### DIRECTIONS
Each record must be returned exactly, apart from the pictures, which stay out.

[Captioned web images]
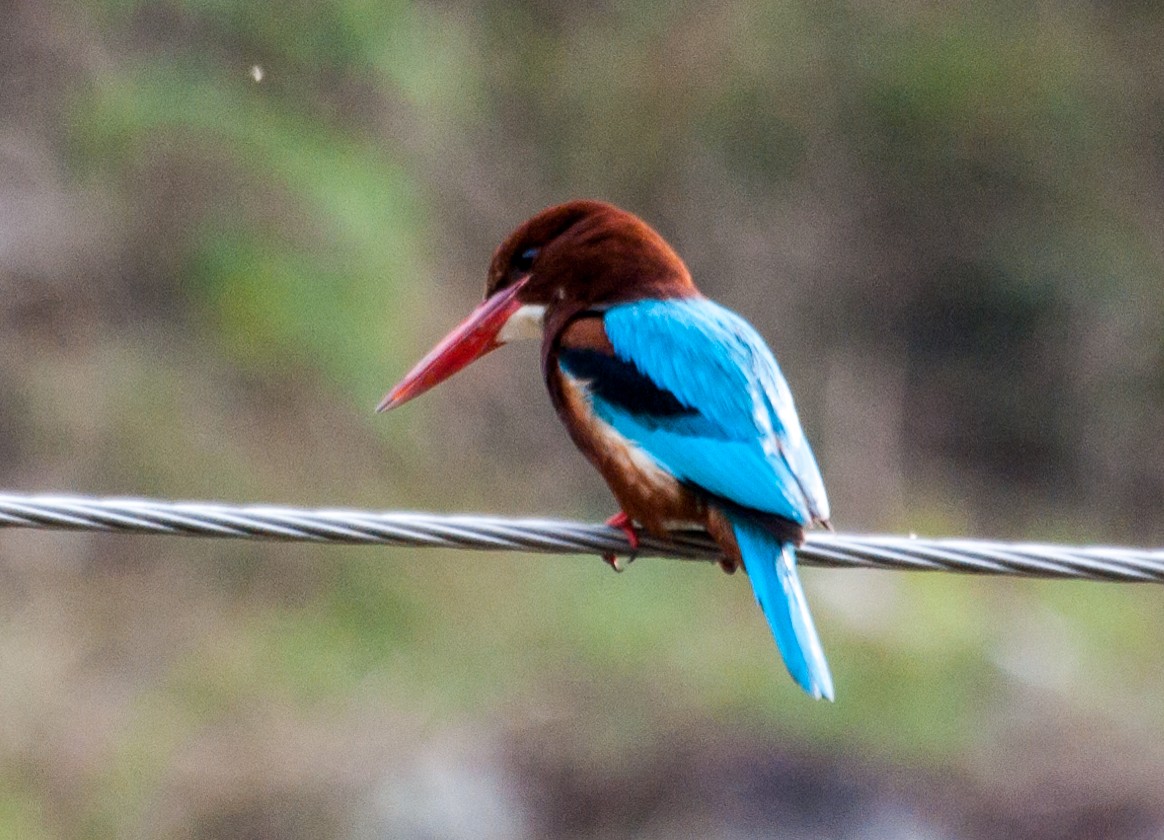 White-throated Kingfisher - ML620372664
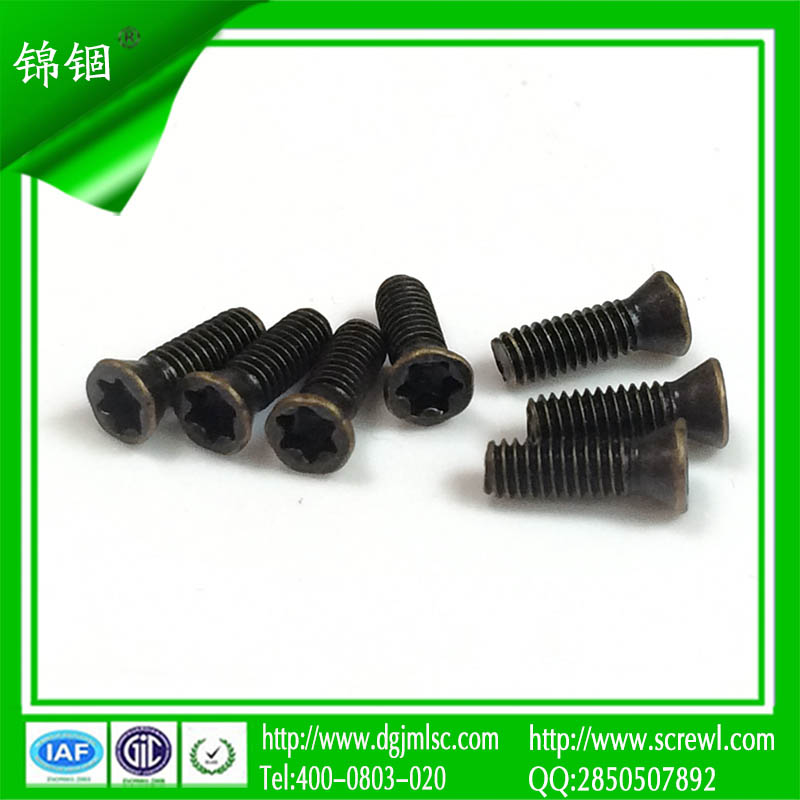 Torx Countersunk Head Bronze Screw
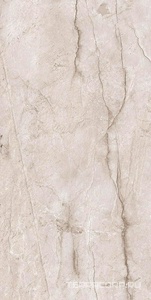 Керамогранит Alpas Euro Premium Marble New Tone Pol. 60x120 Бежевый 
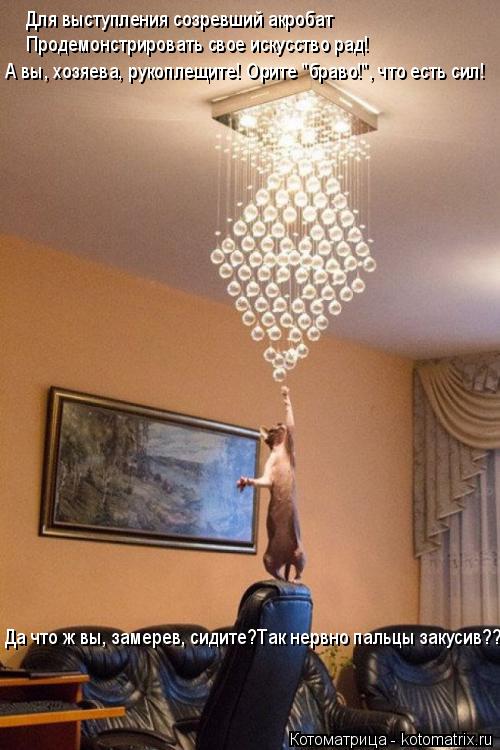 Котоматрица: Для выступления созревший акробат Продемонстрировать свое искусство рад! А вы, хозяева, рукоплещите! Орите "браво!", что есть сил! Да что ж вы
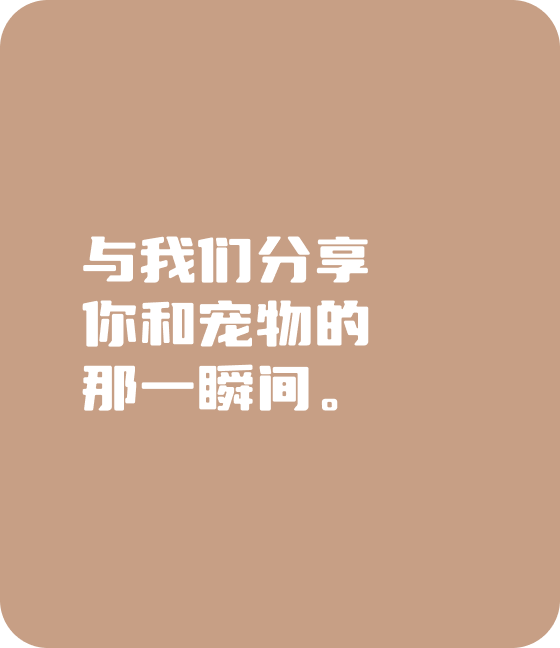 好博体育.com宠物，无处不在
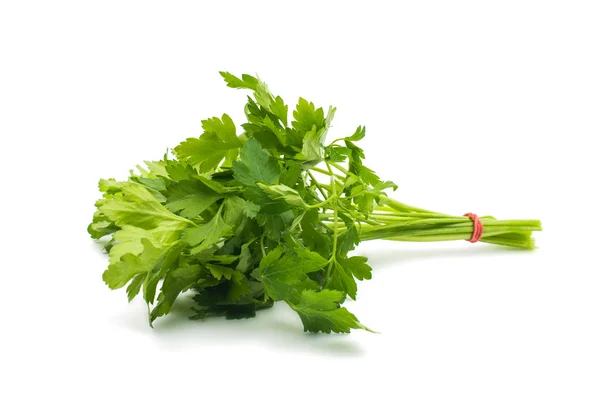 Fresh green parsley — Stock Photo, Image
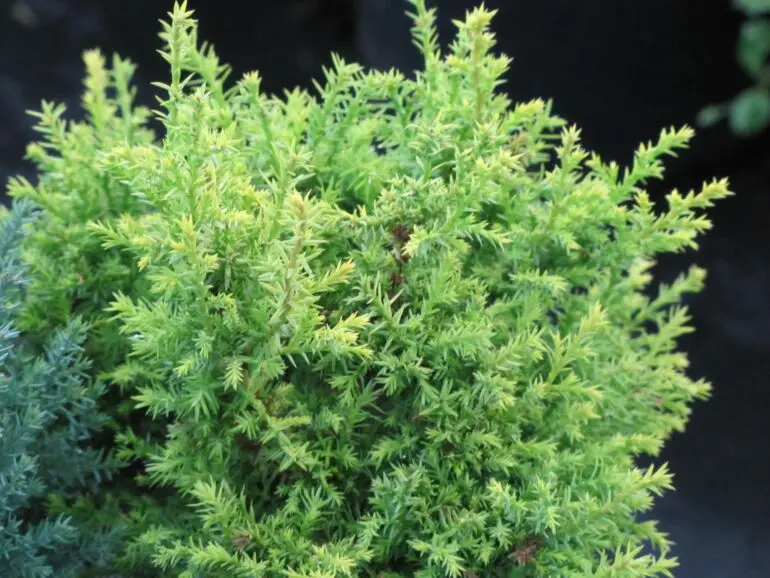Chamaecyparis pisifera ‘Plumosa Compacta Aurea’ – złocista, kompaktowa.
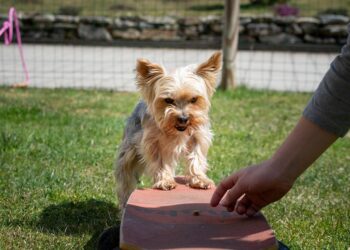 Decoding the Canine Mind: Understanding and Influencing Dog Behavior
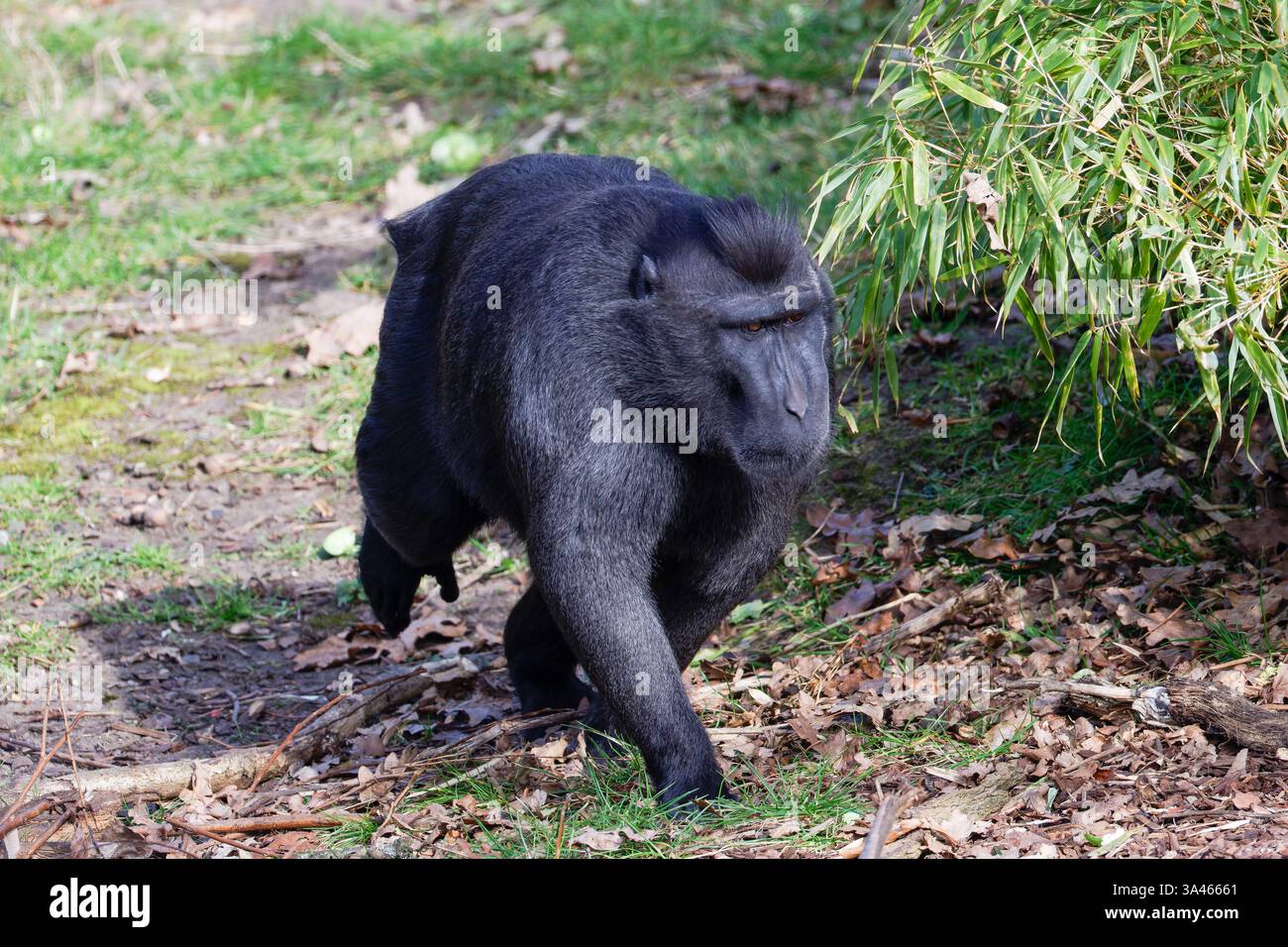 Macaque Black Crested, Macaque crestata di Sulawesi, Macaca nigra camminando nell'habitat naturale. Un macaco crestato nero che cammina sull'erba vicino alle piante di bambù. Foto Stock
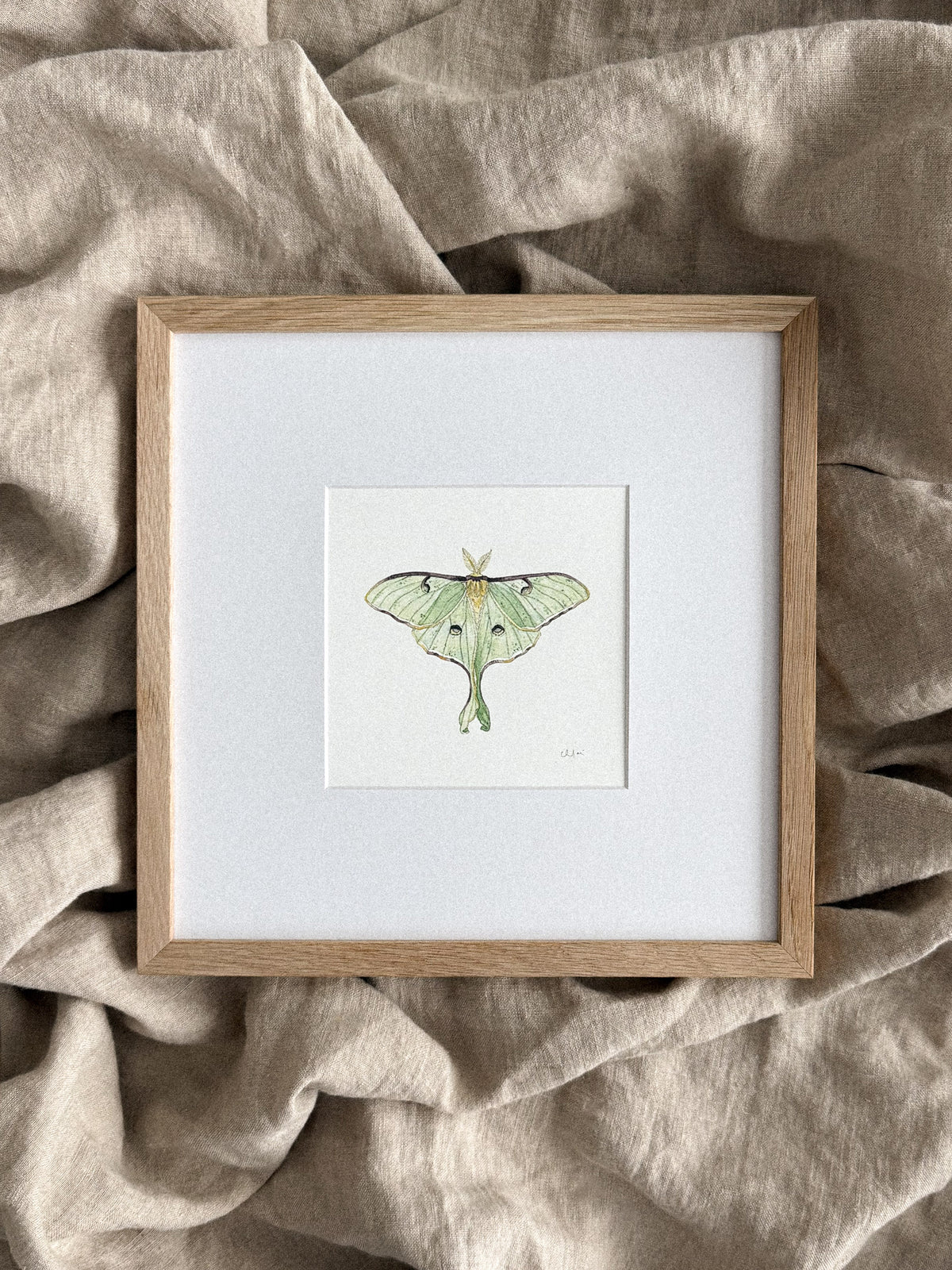 Luna Moth Mini Print 5x5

### RESULT OF THE EXERCISE
 White-throated Kingfisher - ML620372664
 Torx Countersunk Head Bronze Screw
 Керамогранит Alpas Euro Premium Marble New Tone Pol. 60x120 Бежевый 
 Котоматрица: Для выступления созревший акробат Продемонстрировать свое искусство рад! А вы, хозяева, рукоплещите! Орите "браво!", что есть сил! Да что ж вы
 好博体育.com宠物，无处不在
 Fresh green parsley — Stock Photo, Image
Chamaecyparis pisifera ‘Plumosa Compacta Aurea’ – złocista, kompaktowa.
 Decoding the Canine Mind: Understanding and Influencing Dog Behavior
 Macaque Black Crested, Macaque crestata di Sulawesi, Macaca nigra camminando nell'habitat naturale. Un macaco crestato nero che cammina sull'erba vicino alle piante di bambù. Foto Stock
 Luna Moth Mini Print 5x5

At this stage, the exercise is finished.